Sie werden auch vorgeführt in Caravaggios "Amor als Sieger", jenem Gemälde, das immer wieder unter Pädophilieverdacht steht. So meinte der frühere SPD-Politiker Sebastian Edathy, mit diesem Kunstwerk Kinderpornografie rechtfertigen zu können. Die Kunsthistorikerin Victoria von Flemming konnte dagegen zeigen, dass Caravaggio die auf Platon zurückgehende Idee persifliert, wonach ein reifer Mann sich in der Liebe freiwillig zum Knecht eines Knaben macht (aber jederzeit wieder die Kontrolle über diesen gewinnen kann). Caravaggios nackter, verletzlicher und sehr junger Bub verlacht in obszöner Pose die Attribute des gelehrten Mannes, dessen kaputte Instrumente, den Zirkel, den Globus, die abgeworfene Rüstung. Triumphal reckt er seinen Unterleib hervor - und kann doch jederzeit zum Opfer werden des lächerlichen Älteren, der sich dem Kind nur scheinbar unterwirft, um dann zurückzukehren und auf die kaputte Laute andere Saiten aufzuziehen. Gerade weil das Bild so deutlich ist, schmerzt Caravaggios Karikatur des Machtgefälles, das dem auch damals schon verpönten Kindesmissbrauch innewohnt.

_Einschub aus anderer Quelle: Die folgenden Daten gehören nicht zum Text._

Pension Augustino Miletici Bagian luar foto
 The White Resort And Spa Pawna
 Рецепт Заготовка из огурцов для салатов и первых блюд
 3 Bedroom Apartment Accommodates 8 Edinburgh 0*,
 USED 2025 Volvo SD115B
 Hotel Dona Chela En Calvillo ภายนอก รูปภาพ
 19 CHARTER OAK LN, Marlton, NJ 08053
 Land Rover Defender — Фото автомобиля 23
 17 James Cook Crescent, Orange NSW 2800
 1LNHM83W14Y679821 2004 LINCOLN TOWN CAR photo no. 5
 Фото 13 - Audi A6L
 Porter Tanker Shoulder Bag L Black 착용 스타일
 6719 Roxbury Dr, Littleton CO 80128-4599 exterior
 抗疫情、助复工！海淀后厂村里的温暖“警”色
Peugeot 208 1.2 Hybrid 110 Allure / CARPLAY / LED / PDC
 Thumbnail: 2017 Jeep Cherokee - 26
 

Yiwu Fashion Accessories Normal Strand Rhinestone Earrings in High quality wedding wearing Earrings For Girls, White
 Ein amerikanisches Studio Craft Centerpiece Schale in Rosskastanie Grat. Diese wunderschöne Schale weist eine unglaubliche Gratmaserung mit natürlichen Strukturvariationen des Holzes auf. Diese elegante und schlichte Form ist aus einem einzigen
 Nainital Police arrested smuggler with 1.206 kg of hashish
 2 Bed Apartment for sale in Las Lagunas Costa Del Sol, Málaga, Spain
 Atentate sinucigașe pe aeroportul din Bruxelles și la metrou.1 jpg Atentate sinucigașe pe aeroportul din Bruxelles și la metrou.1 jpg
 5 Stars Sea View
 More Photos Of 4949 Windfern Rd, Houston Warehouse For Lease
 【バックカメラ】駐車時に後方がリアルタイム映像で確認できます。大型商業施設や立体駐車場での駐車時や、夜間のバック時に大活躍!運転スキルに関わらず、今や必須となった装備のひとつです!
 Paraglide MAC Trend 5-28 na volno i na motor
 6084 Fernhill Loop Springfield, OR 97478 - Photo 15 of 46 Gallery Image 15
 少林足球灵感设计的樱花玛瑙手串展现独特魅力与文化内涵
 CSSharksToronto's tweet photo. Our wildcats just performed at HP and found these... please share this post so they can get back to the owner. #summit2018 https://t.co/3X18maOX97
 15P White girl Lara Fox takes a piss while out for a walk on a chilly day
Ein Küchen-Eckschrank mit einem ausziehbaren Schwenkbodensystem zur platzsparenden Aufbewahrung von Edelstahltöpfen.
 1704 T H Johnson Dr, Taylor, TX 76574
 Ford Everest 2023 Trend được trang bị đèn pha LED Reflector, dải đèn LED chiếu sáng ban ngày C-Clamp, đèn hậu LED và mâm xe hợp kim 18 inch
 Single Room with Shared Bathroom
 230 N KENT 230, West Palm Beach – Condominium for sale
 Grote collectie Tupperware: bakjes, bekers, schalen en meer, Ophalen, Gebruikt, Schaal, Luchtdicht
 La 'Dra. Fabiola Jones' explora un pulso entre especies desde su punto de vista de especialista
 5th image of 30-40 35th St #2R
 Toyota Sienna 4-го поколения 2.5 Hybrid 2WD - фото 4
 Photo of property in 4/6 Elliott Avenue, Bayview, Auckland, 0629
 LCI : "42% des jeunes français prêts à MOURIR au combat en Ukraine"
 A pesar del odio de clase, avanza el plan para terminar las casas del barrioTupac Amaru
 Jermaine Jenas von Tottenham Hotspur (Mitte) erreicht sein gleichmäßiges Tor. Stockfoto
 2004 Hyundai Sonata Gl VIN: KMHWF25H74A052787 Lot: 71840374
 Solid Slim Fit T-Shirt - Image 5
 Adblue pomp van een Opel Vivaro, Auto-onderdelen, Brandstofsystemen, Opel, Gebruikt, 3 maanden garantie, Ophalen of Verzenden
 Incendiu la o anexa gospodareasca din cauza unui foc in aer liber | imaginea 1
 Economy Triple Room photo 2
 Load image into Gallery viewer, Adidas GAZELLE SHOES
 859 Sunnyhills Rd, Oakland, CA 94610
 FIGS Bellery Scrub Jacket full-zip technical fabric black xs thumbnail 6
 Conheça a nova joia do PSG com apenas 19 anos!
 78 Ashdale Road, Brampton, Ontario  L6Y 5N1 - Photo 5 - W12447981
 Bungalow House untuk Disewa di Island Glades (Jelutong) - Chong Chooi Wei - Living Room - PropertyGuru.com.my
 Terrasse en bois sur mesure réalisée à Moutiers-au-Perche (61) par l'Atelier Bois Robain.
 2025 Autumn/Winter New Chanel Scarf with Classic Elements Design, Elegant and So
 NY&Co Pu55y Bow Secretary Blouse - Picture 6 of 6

Im Museum sind Untaten und Machtmissbrauch schon lange, wie heute bei "Me Too", sag-und zeigbar. Es taugt nicht zur Selbstvergewisserung für Nostalgiker. Die Deutungshoheit einer kleinen männlichen Elite in Kunst- und Geschlechterfragen haben hier schon andere zunichte gemacht: die Künstler selbst.